Exercise materials ▸
§

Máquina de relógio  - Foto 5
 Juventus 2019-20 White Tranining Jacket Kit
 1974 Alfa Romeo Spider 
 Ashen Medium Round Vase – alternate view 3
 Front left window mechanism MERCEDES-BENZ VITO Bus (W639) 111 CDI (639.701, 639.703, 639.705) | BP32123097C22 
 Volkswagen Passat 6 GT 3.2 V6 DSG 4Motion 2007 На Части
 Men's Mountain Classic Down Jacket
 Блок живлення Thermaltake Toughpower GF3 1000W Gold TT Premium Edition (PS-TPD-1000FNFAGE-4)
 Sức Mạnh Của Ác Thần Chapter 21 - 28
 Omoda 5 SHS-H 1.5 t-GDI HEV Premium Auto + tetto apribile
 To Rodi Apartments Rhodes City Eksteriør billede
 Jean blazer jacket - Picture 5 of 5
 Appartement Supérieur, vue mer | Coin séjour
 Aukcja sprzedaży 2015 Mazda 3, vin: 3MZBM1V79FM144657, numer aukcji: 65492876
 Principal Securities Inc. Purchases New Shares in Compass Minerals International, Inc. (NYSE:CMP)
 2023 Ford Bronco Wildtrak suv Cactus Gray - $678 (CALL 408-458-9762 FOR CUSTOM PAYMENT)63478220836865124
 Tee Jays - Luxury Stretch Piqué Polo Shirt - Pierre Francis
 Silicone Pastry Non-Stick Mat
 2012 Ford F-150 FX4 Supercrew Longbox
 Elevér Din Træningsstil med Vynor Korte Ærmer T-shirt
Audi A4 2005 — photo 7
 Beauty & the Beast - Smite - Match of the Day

§

Assignment ▸ Type out the entire listing again, matching every line exactly.

Response to this task ▸
Máquina de relógio  - Foto 5
 Juventus 2019-20 White Tranining Jacket Kit
 1974 Alfa Romeo Spider 
 Ashen Medium Round Vase – alternate view 3
 Front left window mechanism MERCEDES-BENZ VITO Bus (W639) 111 CDI (639.701, 639.703, 639.705) | BP32123097C22 
 Volkswagen Passat 6 GT 3.2 V6 DSG 4Motion 2007 На Части
 Men's Mountain Classic Down Jacket
 Блок живлення Thermaltake Toughpower GF3 1000W Gold TT Premium Edition (PS-TPD-1000FNFAGE-4)
 Sức Mạnh Của Ác Thần Chapter 21 - 28
 Omoda 5 SHS-H 1.5 t-GDI HEV Premium Auto + tetto apribile
 To Rodi Apartments Rhodes City Eksteriør billede
 Jean blazer jacket - Picture 5 of 5
 Appartement Supérieur, vue mer | Coin séjour
 Aukcja sprzedaży 2015 Mazda 3, vin: 3MZBM1V79FM144657, numer aukcji: 65492876
 Principal Securities Inc. Purchases New Shares in Compass Minerals International, Inc. (NYSE:CMP)
 2023 Ford Bronco Wildtrak suv Cactus Gray - $678 (CALL 408-458-9762 FOR CUSTOM PAYMENT)63478220836865124
 Tee Jays - Luxury Stretch Piqué Polo Shirt - Pierre Francis
 Silicone Pastry Non-Stick Mat
 2012 Ford F-150 FX4 Supercrew Longbox
 Elevér Din Træningsstil med Vynor Korte Ærmer T-shirt
Audi A4 2005 — photo 7
 Beauty & the Beast - Smite - Match of the Day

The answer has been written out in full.